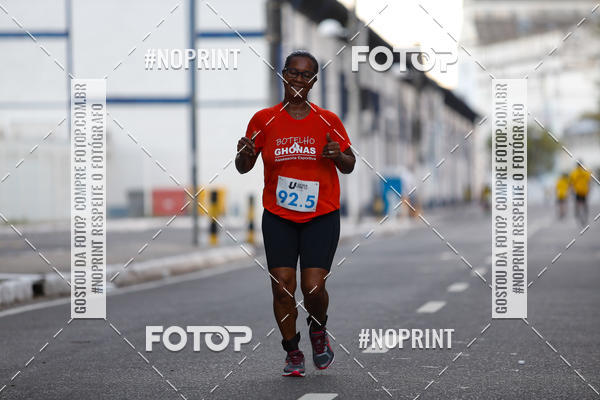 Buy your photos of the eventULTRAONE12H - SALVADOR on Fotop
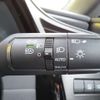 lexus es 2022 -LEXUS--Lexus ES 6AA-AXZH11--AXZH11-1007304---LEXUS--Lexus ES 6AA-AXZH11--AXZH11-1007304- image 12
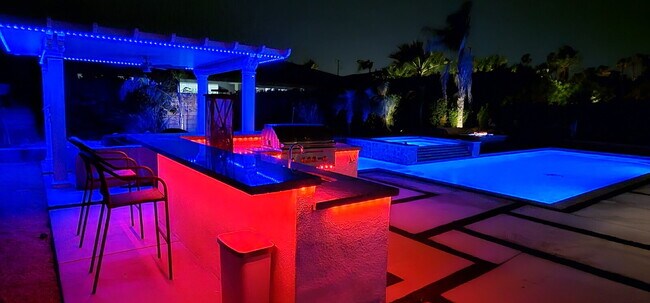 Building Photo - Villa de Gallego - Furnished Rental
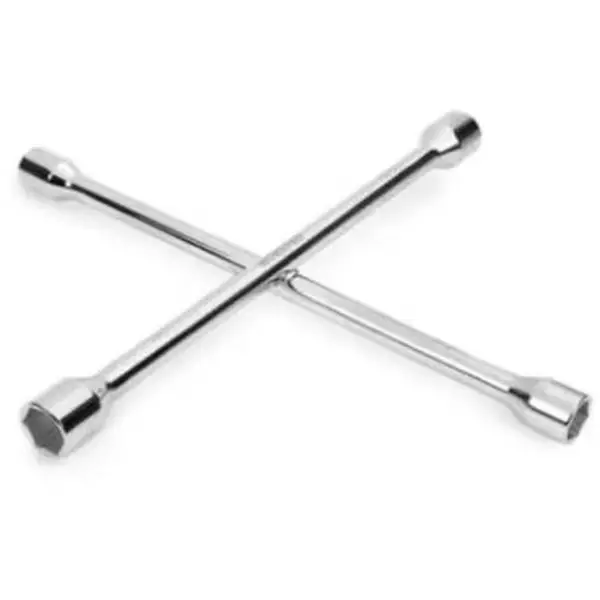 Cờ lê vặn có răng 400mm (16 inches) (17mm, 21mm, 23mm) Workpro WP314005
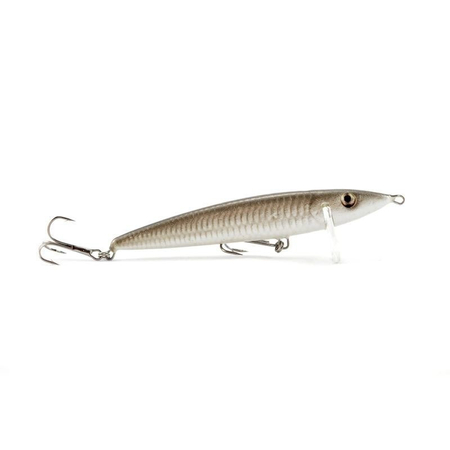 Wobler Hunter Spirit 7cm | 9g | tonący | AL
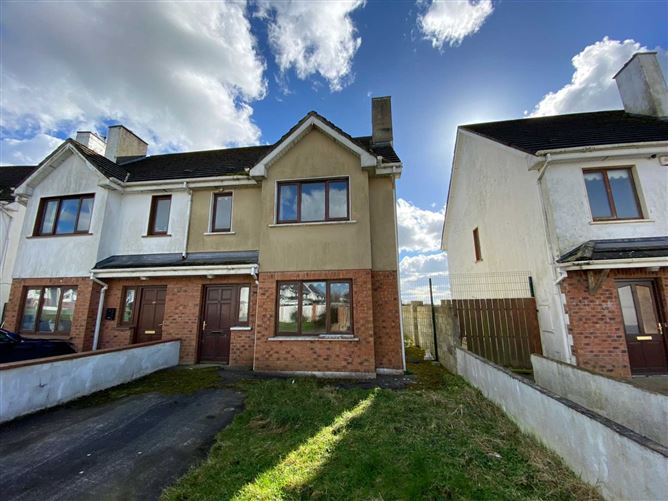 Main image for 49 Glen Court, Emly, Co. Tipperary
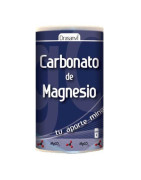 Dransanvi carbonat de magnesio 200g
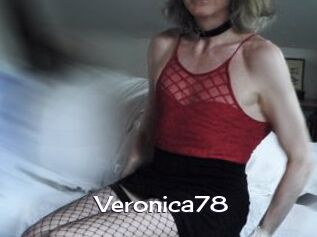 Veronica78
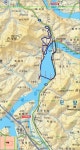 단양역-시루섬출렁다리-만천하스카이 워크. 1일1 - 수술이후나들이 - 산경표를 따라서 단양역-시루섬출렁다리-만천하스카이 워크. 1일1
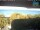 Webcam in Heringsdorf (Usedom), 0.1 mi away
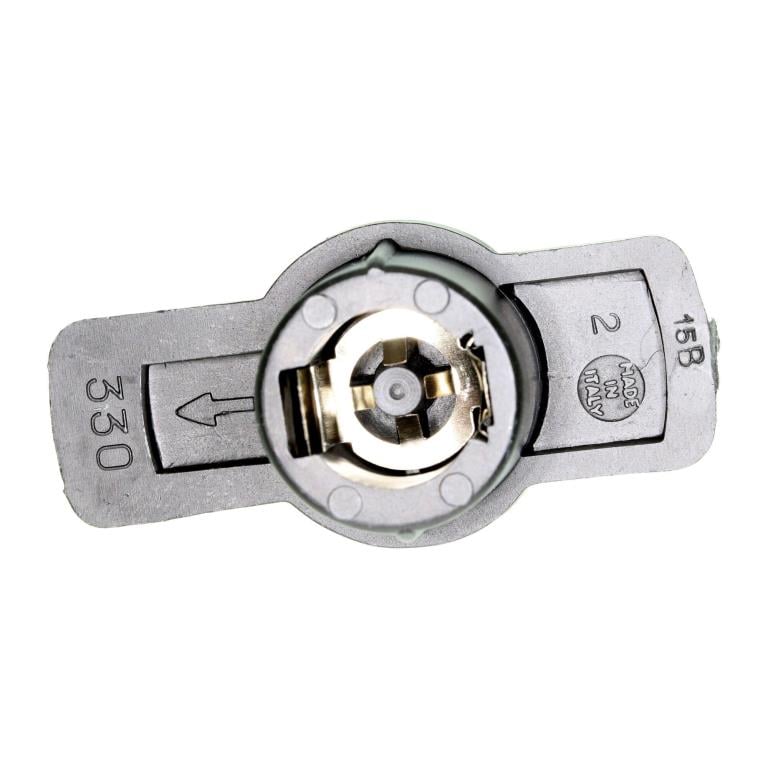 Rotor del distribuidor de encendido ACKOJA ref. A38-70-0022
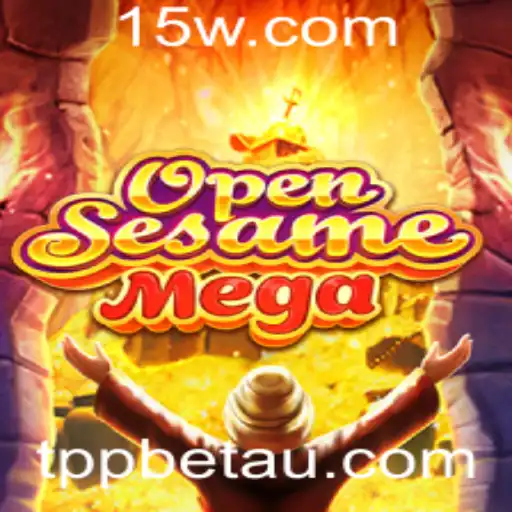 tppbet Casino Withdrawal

========

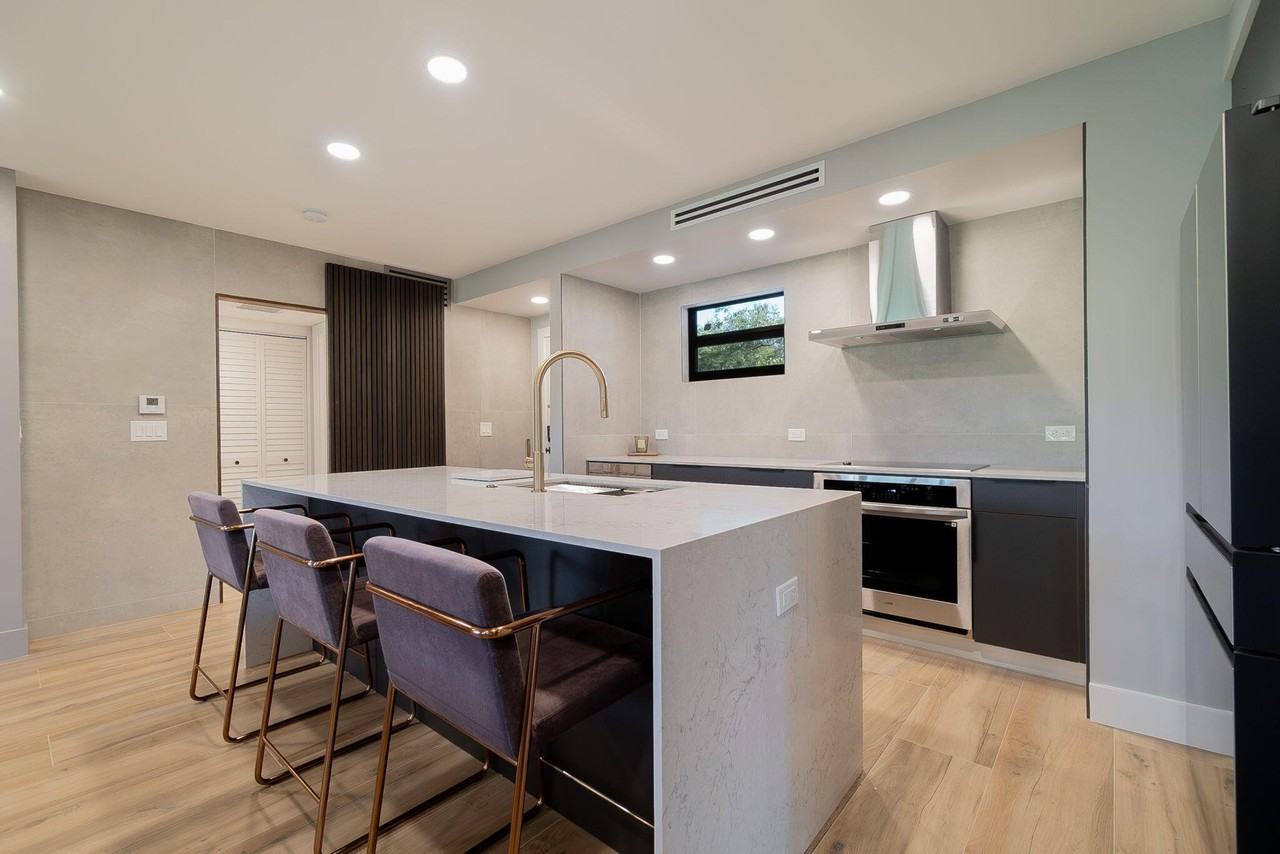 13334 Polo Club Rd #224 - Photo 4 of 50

========

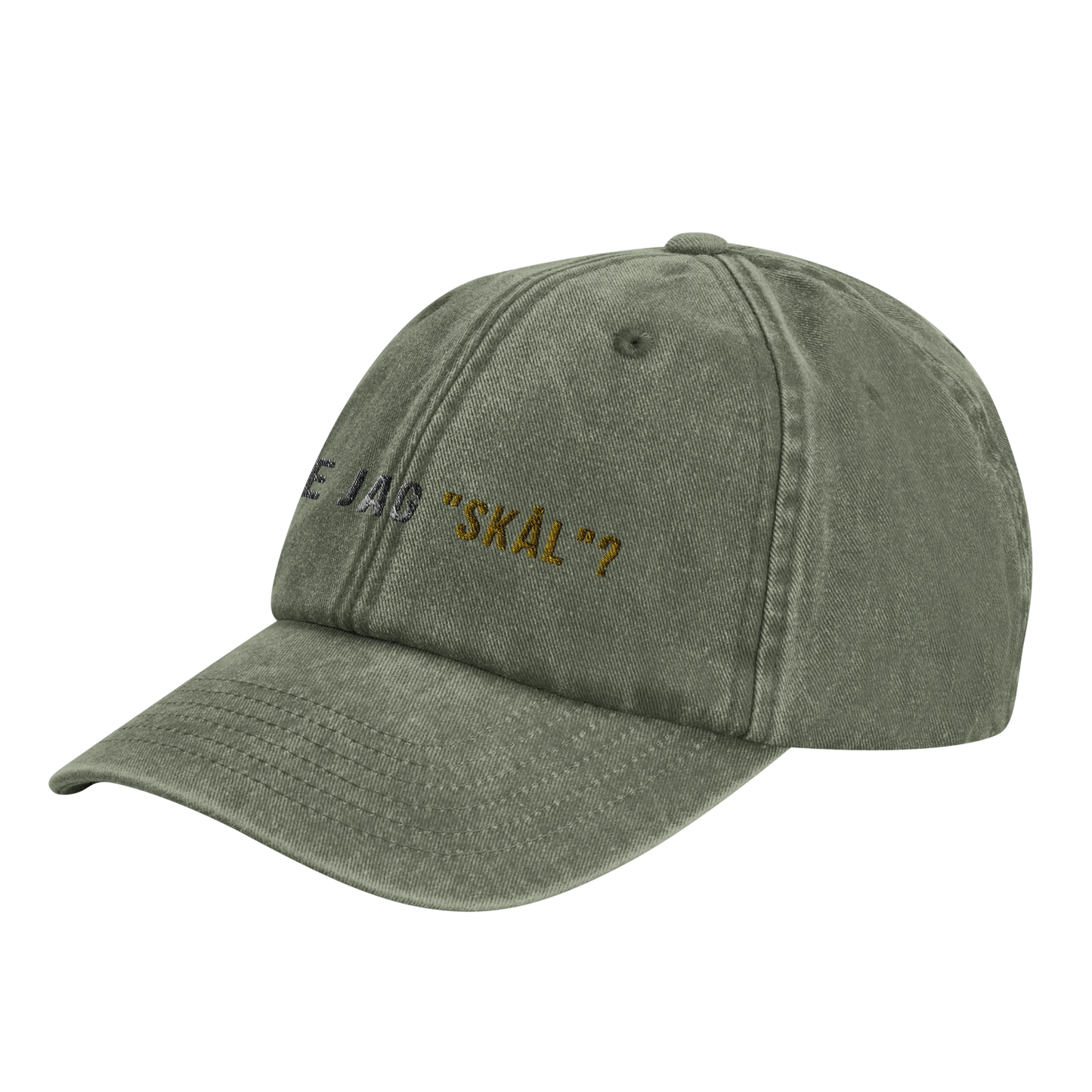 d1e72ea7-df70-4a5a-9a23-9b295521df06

========

What you need to do:
Your answer must be everything above from the line with "Buy your photos" down to the line with "Wobler Hunter Spirit 7cm | 9g | tonący | AL", word for word, and no pictures.

Expected answer:
 Buy your photos of the eventULTRAONE12H - SALVADOR on Fotop
 lexus es 2022 -LEXUS--Lexus ES 6AA-AXZH11--AXZH11-1007304---LEXUS--Lexus ES 6AA-AXZH11--AXZH11-1007304- image 12
 Building Photo - Villa de Gallego - Furnished Rental
 Cờ lê vặn có răng 400mm (16 inches) (17mm, 21mm, 23mm) Workpro WP314005
 Wobler Hunter Spirit 7cm | 9g | tonący | AL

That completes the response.